> _Working data_

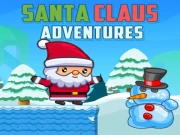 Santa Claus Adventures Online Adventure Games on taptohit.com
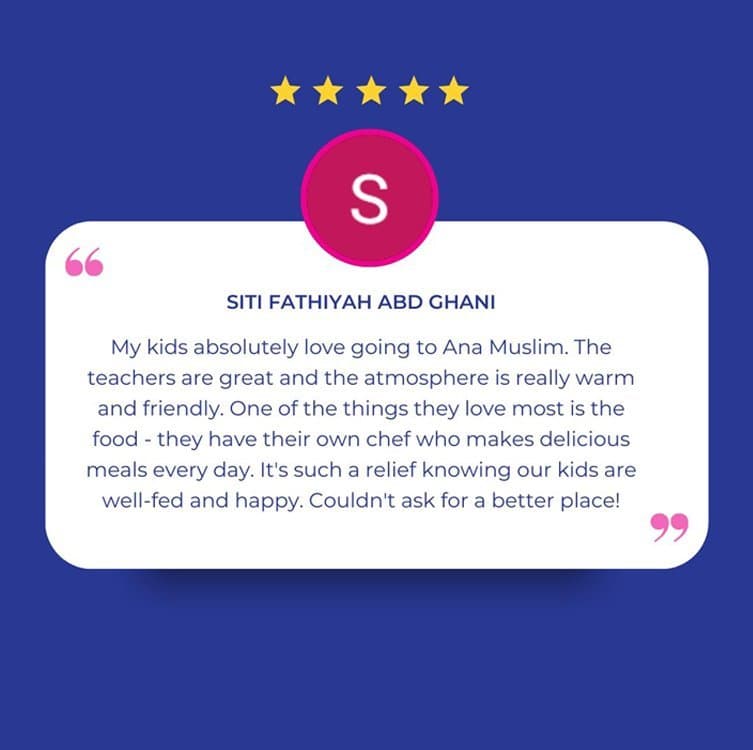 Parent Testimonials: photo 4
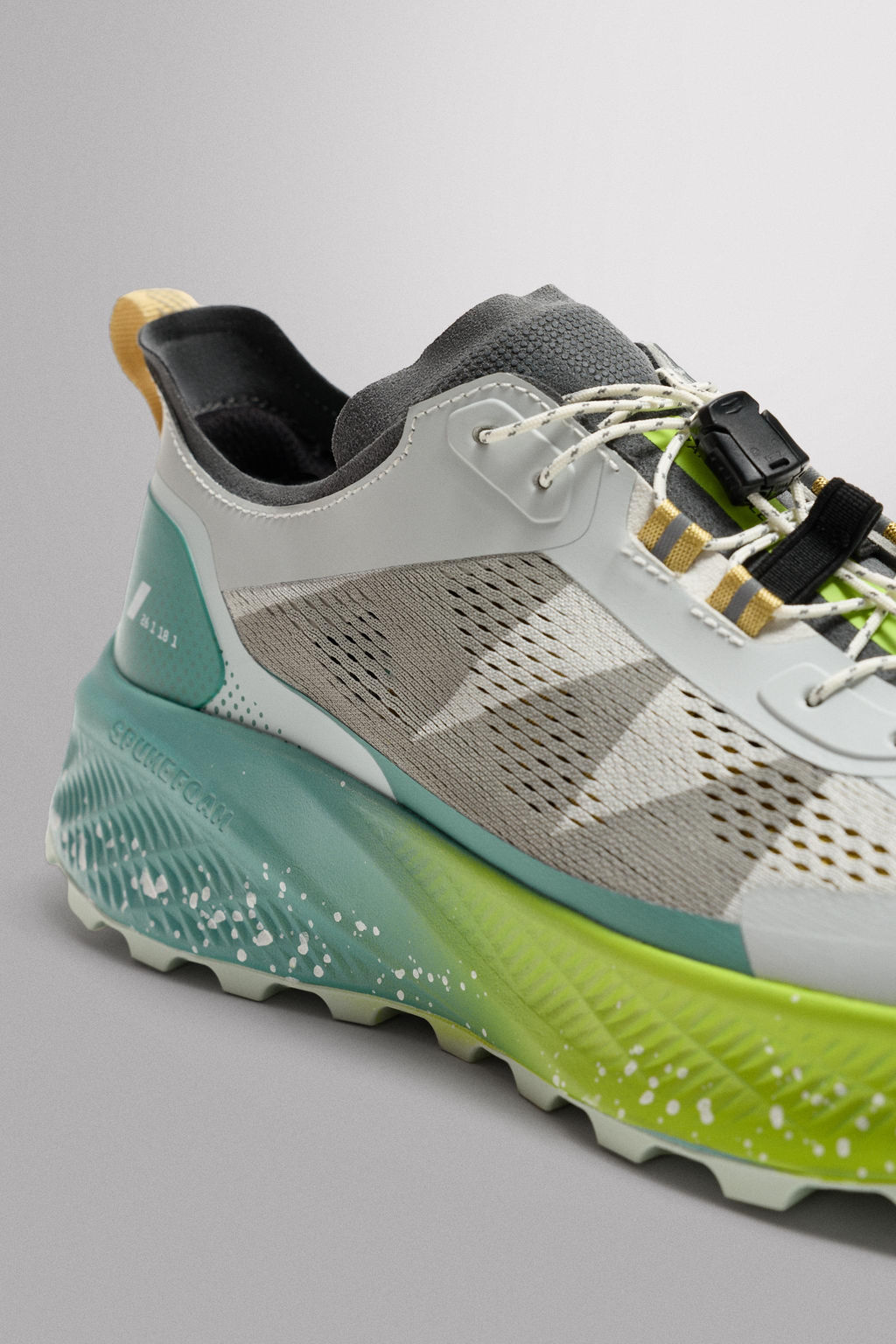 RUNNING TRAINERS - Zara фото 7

==

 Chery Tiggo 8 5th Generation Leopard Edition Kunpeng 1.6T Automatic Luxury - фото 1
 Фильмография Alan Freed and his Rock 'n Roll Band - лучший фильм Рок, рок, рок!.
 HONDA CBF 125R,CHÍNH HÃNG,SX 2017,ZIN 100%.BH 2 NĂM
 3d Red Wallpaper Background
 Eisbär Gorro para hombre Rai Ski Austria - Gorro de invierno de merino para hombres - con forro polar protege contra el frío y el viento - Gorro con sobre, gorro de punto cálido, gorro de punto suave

---

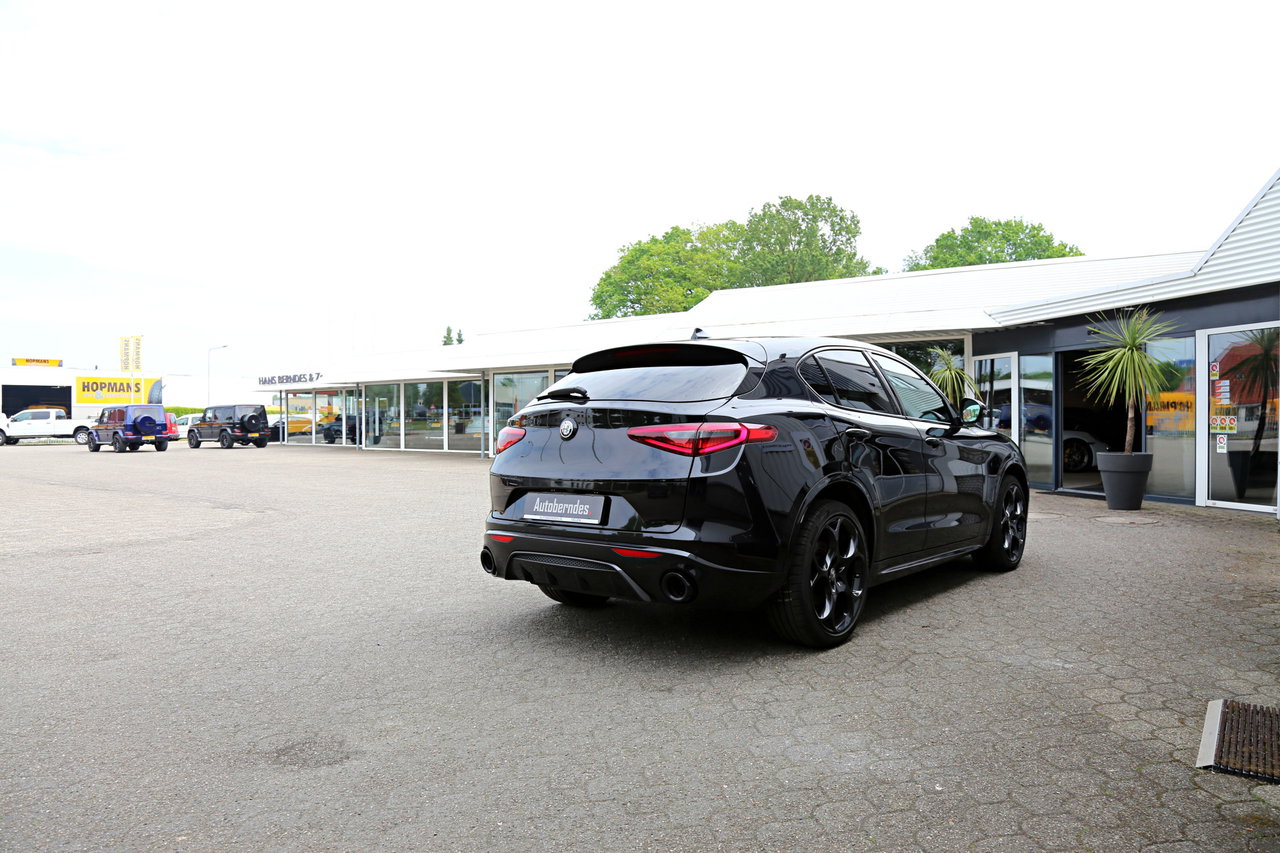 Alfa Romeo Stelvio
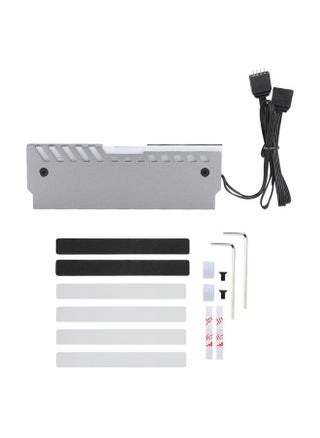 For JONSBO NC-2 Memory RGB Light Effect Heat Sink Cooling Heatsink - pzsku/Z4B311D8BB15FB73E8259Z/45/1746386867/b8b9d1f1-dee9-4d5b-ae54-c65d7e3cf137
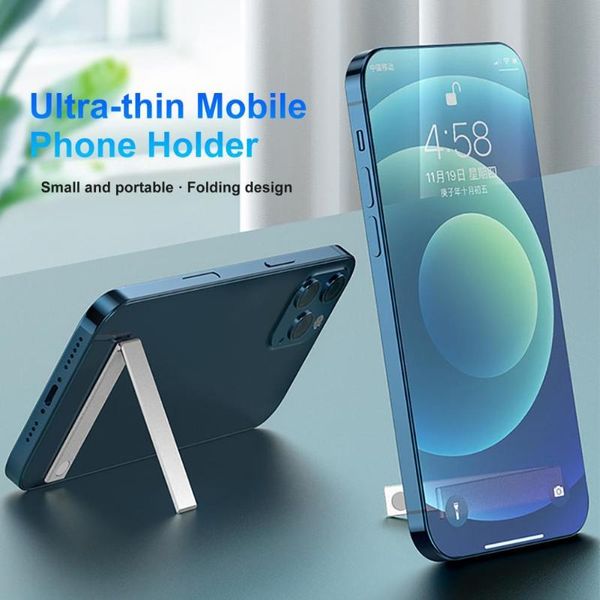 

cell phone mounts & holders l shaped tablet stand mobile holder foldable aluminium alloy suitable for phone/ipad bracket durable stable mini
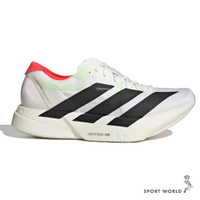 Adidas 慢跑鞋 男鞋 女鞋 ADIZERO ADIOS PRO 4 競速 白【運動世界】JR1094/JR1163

> _Task_
All lines in the listing above from the line containing "Фильмография Alan Freed" to the line containing "Eisbär Gorro para", inclusive, should be retyped exactly; no other lines should appear.

> _Written response_
 Фильмография Alan Freed and his Rock 'n Roll Band - лучший фильм Рок, рок, рок!.
 HONDA CBF 125R,CHÍNH HÃNG,SX 2017,ZIN 100%.BH 2 NĂM
 3d Red Wallpaper Background
 Eisbär Gorro para hombre Rai Ski Austria - Gorro de invierno de merino para hombres - con forro polar protege contra el frío y el viento - Gorro con sobre, gorro de punto cálido, gorro de punto suave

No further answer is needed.